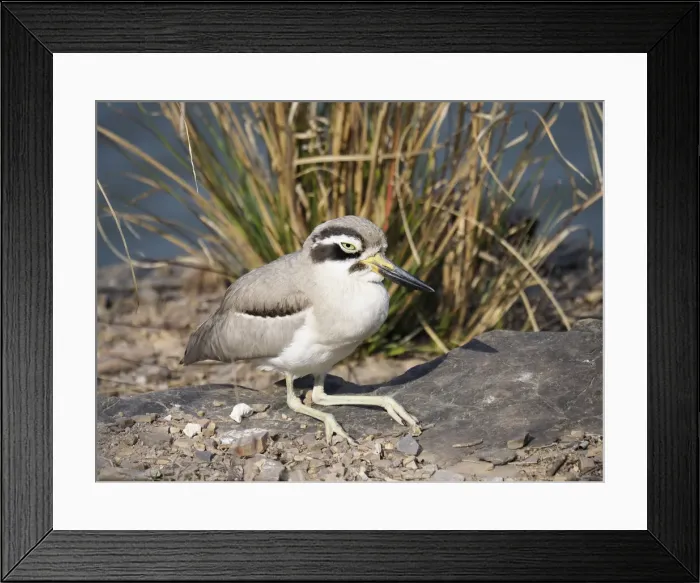 Framed Print : Great Thick-knee Esacus recurvirostris Rajasthan, India BI032101 Framed Print : Great Thick-knee Esacus recurvirostris Rajasthan, India BI032101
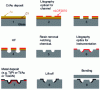 Figure 21 - Microstructuring process for an instrumented glass microfluidic chip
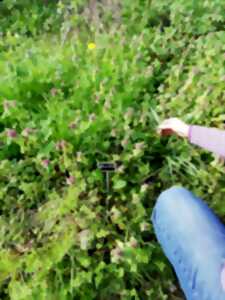 photo atelier plantes comestibles et médicinales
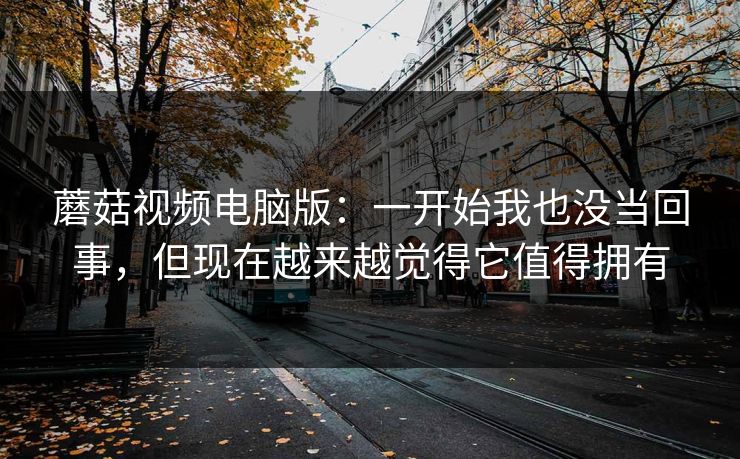 蘑菇视频电脑版：一开始我也没当回事，但现在越来越觉得它值得拥有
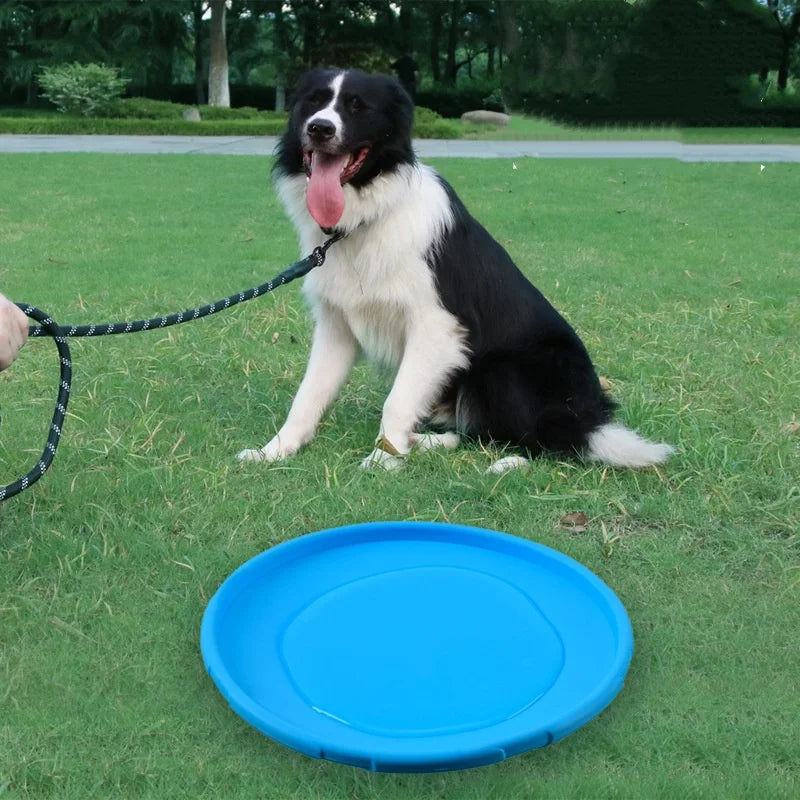 Pawfection Silicone Saucer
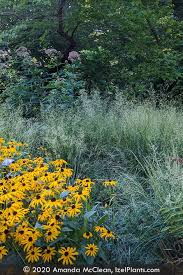 Image result for Deschampsia cespitosa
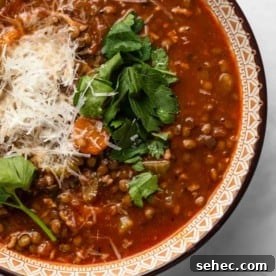 Slow Cooker Beef and Barley Stew Recipe 11 Close up of a bowl of sausage and lentil soup garnished with herbs and parmesan cheese
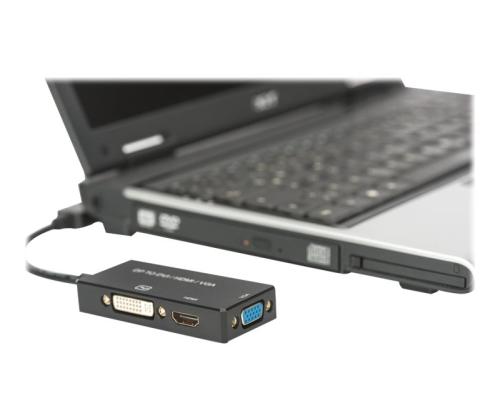 ASSMANN DisplayPort 1in3 -muunninkaapeli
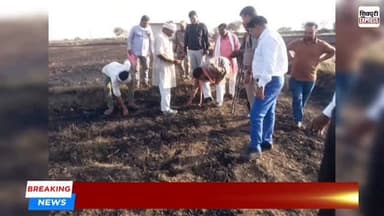 करैरा के इमलिया गांव में भीषण आग, 70-80 बीघा गेहूं की फसल जलकर खाक || SHIVPURI NEWS EXPRESS
#shivpurinewsexpress #shiv...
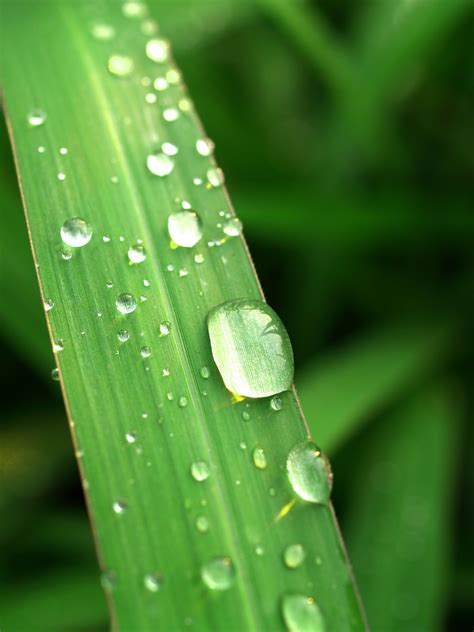 Free Images Water Nature Droplet Drop Dew Liquid Growth Meadow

━━━━━━━━

→ **What you should do**
Where a record above contains a picture, leave the picture out and transcribe everything else exactly.

→ **Task solution**
 Framed Print : Great Thick-knee Esacus recurvirostris Rajasthan, India BI032101 Framed Print : Great Thick-knee Esacus recurvirostris Rajasthan, India BI032101
 Figure 21 - Microstructuring process for an instrumented glass microfluidic chip
 photo atelier plantes comestibles et médicinales
 蘑菇视频电脑版：一开始我也没当回事，但现在越来越觉得它值得拥有
 Pawfection Silicone Saucer
 Image result for Deschampsia cespitosa
 Slow Cooker Beef and Barley Stew Recipe 11 Close up of a bowl of sausage and lentil soup garnished with herbs and parmesan cheese
 ASSMANN DisplayPort 1in3 -muunninkaapeli
 करैरा के इमलिया गांव में भीषण आग, 70-80 बीघा गेहूं की फसल जलकर खाक || SHIVPURI NEWS EXPRESS
#shivpurinewsexpress #shiv...
 Free Images Water Nature Droplet Drop Dew Liquid Growth Meadow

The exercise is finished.